> Exercise description
Transcribe the data that follows without changing a word, and omit the pictures.

> Input data
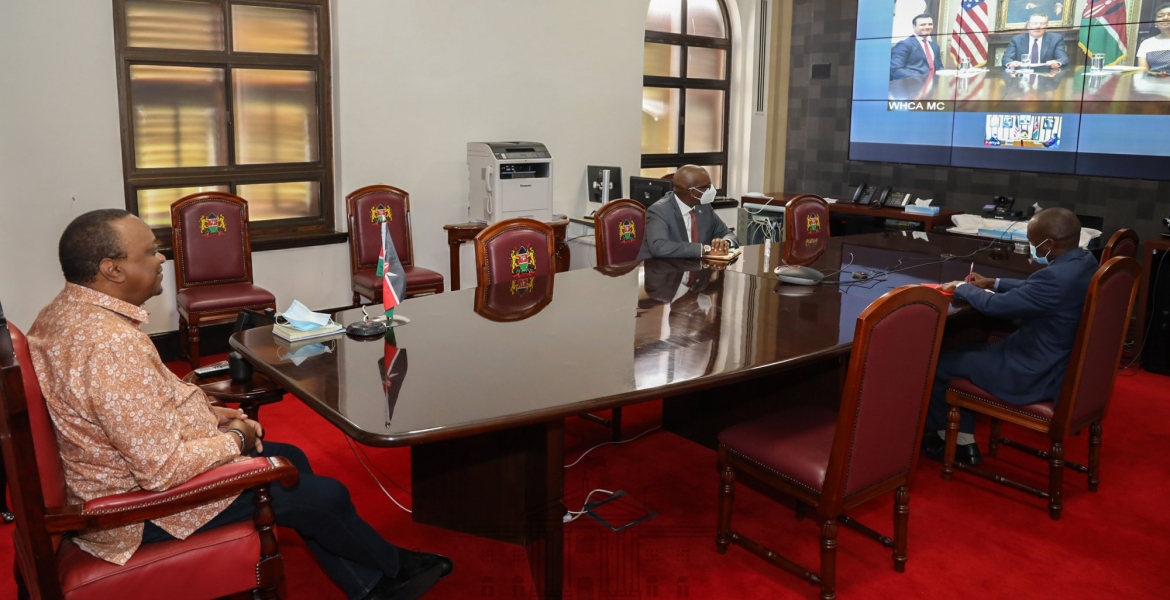 Kenya Formally Opens Trade Negotiations with the US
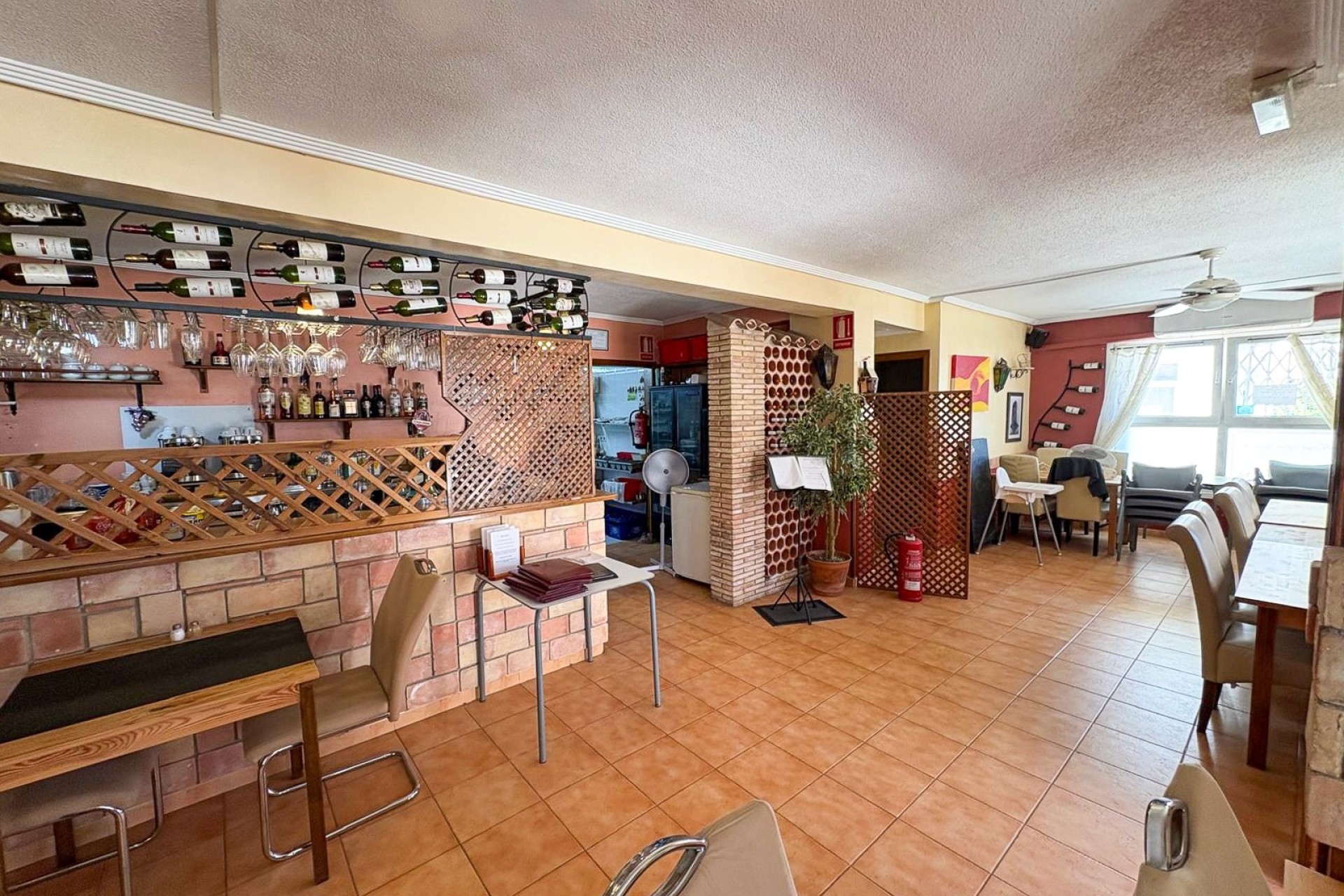 Herverkoop - Commercieel -
Torrevieja - La Veleta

> Exercise answer
 Kenya Formally Opens Trade Negotiations with the US
 Herverkoop - Commercieel -
Torrevieja - La Veleta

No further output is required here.